== Source data ==
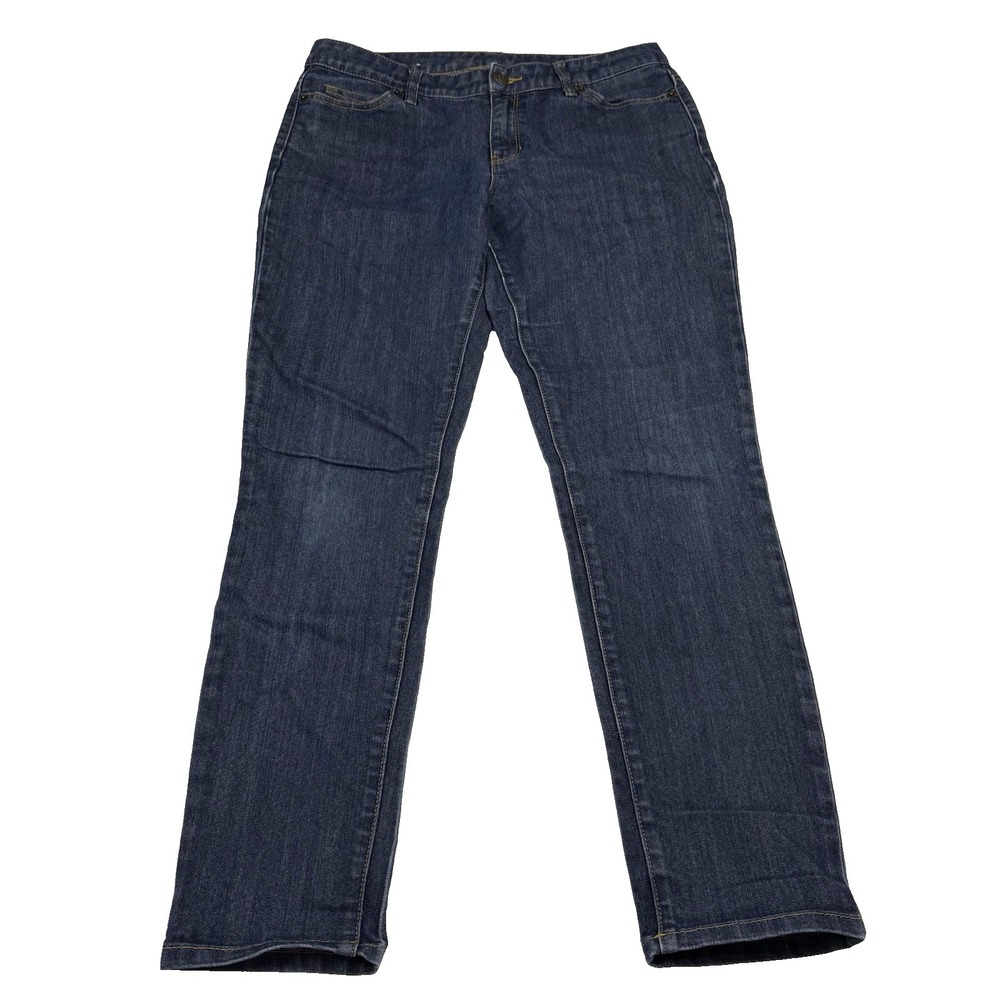 MK Michael Kors Jeans Women's Size 8 Mid Rise Ankle Crop Stretch‎ Dark Wash Blue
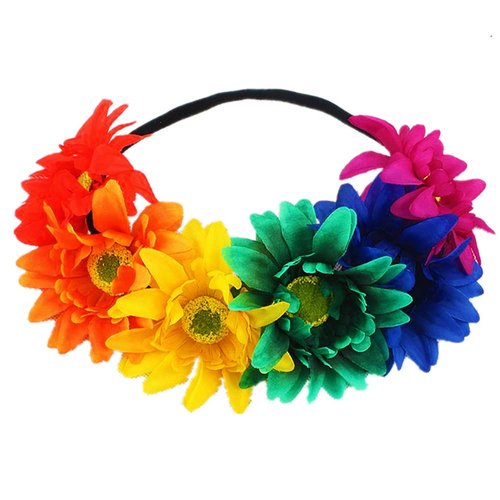 ZLIXING Rainbow Headband Pride Outfits Accessories Women Girls Rose Flower Crown Gay Pride Accessories Shirt Stuff for LGBTQ Party Decorations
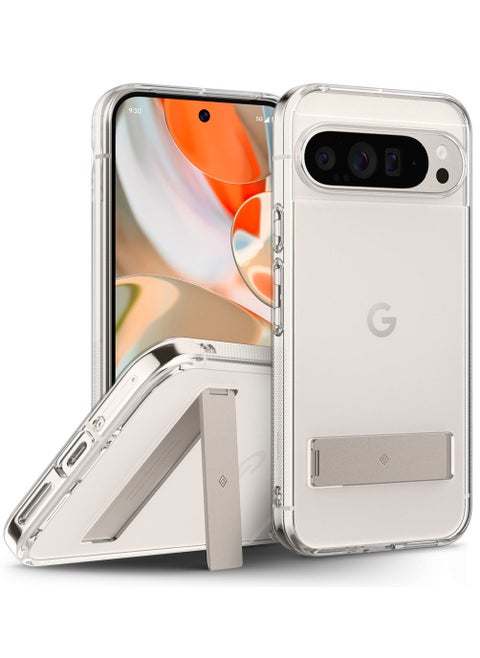 Capella Kickstand for Google Pixel 9 Pro XL Case Cover [Built-in Kick Stand] Military Grade - Clear Ivory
===
What you need to do =
The listing above is to be set down word for word, without its images.

The completed task =
 MK Michael Kors Jeans Women's Size 8 Mid Rise Ankle Crop Stretch‎ Dark Wash Blue
 ZLIXING Rainbow Headband Pride Outfits Accessories Women Girls Rose Flower Crown Gay Pride Accessories Shirt Stuff for LGBTQ Party Decorations
 Capella Kickstand for Google Pixel 9 Pro XL Case Cover [Built-in Kick Stand] Military Grade - Clear Ivory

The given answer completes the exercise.